▸ **Data shown**

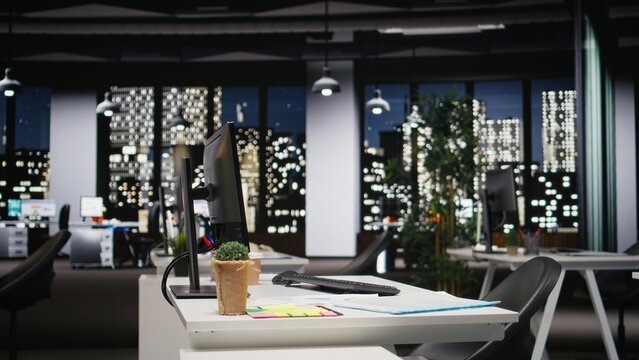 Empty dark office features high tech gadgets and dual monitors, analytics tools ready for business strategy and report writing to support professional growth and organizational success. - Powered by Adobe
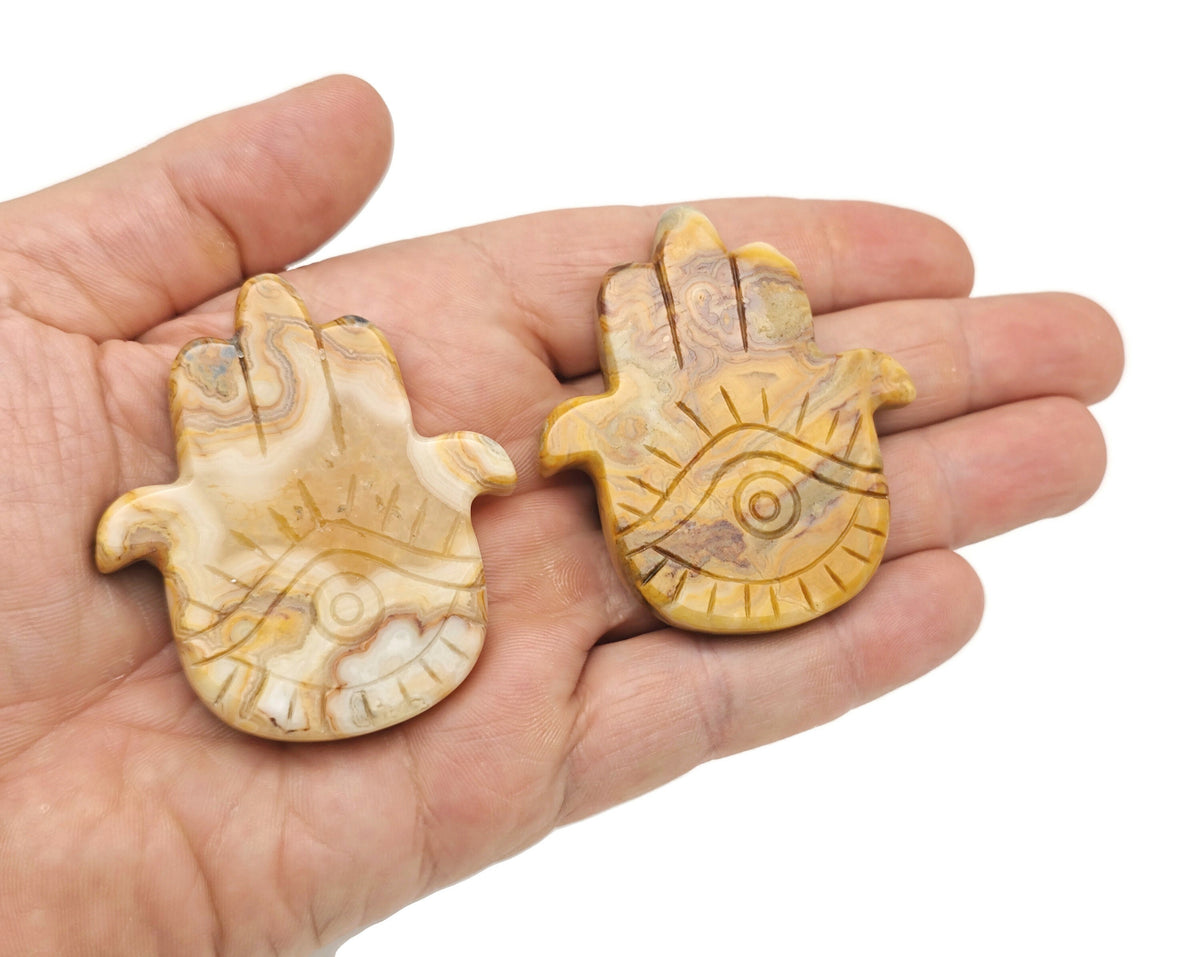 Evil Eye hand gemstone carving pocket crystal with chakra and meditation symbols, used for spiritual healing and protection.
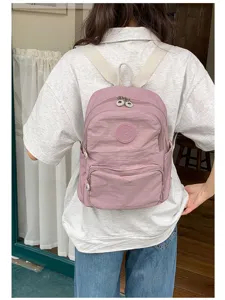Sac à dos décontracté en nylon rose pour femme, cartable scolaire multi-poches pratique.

▸ **Task**
No pictures go in the copy. Output exactly the lines from the line containing "Evil Eye hand" through the end of the listing above.

▸ **Solution below**
 Evil Eye hand gemstone carving pocket crystal with chakra and meditation symbols, used for spiritual healing and protection.
Sac à dos décontracté en nylon rose pour femme, cartable scolaire multi-poches pratique.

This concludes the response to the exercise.